This model was tested on Google Colab Pro with A100 GPU
Transposable elements (TEs) are mobile genetic elements that constitute a significant portion of the human genome. Once considered "junk DNA," TEs are now recognized as key players in genome evolution and function. One of the most intriguing roles of TEs is their contribution to the regulatory landscape of the genome, particularly as enhancers. Enhancers are short DNA sequences that increase the transcription of genes, playing a crucial role in the spatial and temporal regulation of gene expression.
TE-derived enhancers have been implicated in a variety of biological processes, from embryonic development to the adaptive immune response. They have also been linked to disease when their regulatory functions are dysregulated. Despite their importance, our understanding of TE-derived enhancers is still in its infancy. This is partly due to the sheer diversity and abundance of TEs in the human genome, as well as their complex interactions with the surrounding genomic landscape.
Deep learning, a subset of machine learning, has emerged as a powerful tool for analyzing large and complex biological datasets. Deep learning models, such as Convolutional Neural Networks (CNNs) and Recurrent Neural Networks (RNNs), have been successfully applied to predict enhancers based on DNA sequence alone. However, most of these studies have focused on generic enhancers, without considering their origin.

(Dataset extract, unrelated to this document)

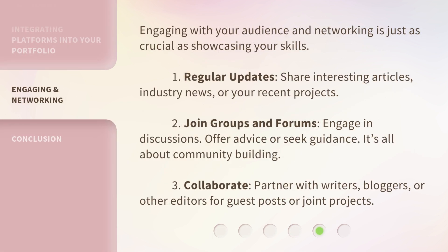Engaging with your audience and networking is just as crucial as showcasing your skills. Regular updates: share interesting articles, industry news, or your recent projects. Join groups and forums: engage in discussions, offer advice, or seek guidance — it's all about community building. Collaborate: partner with writers, bloggers, or other editors for guest posts or joint projects.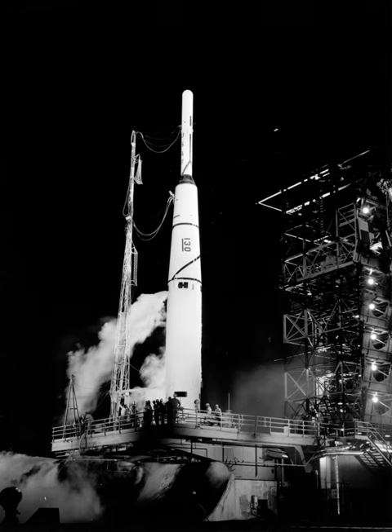Thor was an American space launch vehicle derived from the PGM-17 Thor Intermediate Range Ballistic Missile. The Thor rocket was the first in a large family of space launch vehicles that came to be known as Delta. The last derivative of the Thor was retired in 2018, which was the first stage of the Delta II.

The application of deep learning to the study of TE-derived enhancers represents a promising avenue for future research. By training models on datasets of known TE-derived enhancers, we can begin to unravel the sequence features that distinguish these elements from other parts of the genome. Furthermore, by including all TE subclasses in our analyses, we can gain a more comprehensive understanding of the diverse roles of TEs in gene regulation.
In conclusion, the intersection of TE biology and deep learning offers exciting opportunities for advancing our understanding of genome regulation. The characterization of TE-derived enhancers using deep learning not only has the potential to shed light on the functional importance of TEs but also to provide new insights into the genomic basis of human disease.
This project involves the use of a 1D Convolutional Neural Network (CNN) to distinguish between enhancer and non-enhancer sequences derived from transposable elements (TEs) in the human genome. The model is trained on experimentally derived enhancer sequences and transposon-derived sequences, which are preprocessed and one-hot encoded for input into the model.
The 1D CNN model architecture includes two convolutional layers, each followed by a max pooling layer, and a global max pooling layer. This is followed by a dense layer, a dropout layer for regularization, and a final dense layer with a sigmoid activation function for binary classification. The model is compiled with the Adam optimizer and binary cross-entropy loss function, suitable for the binary classification task.
The model is trained using a generator function to handle the large dataset, which yields batches of padded sequences and corresponding labels. The model is trained for 50 epochs, and the trained model is saved for later use.
The saved model is then loaded and used to predict the class (enhancer or non-enhancer) of unknown transposon sequences. The model outputs the probability of each sequence being an enhancer, and these probabilities are saved to a text file. Sequences are classified as enhancers if the predicted probability is greater than a specified threshold (0.5 in this case).
Finally, the sequences are ranked based on their predicted probabilities, and the top N sequences are selected as strong and weak enhancers. This information can be used to further investigate the role of specific TEs in gene regulation.
This project demonstrates the potential of deep learning, specifically 1D CNNs, in genomic research and the study of transposable elements.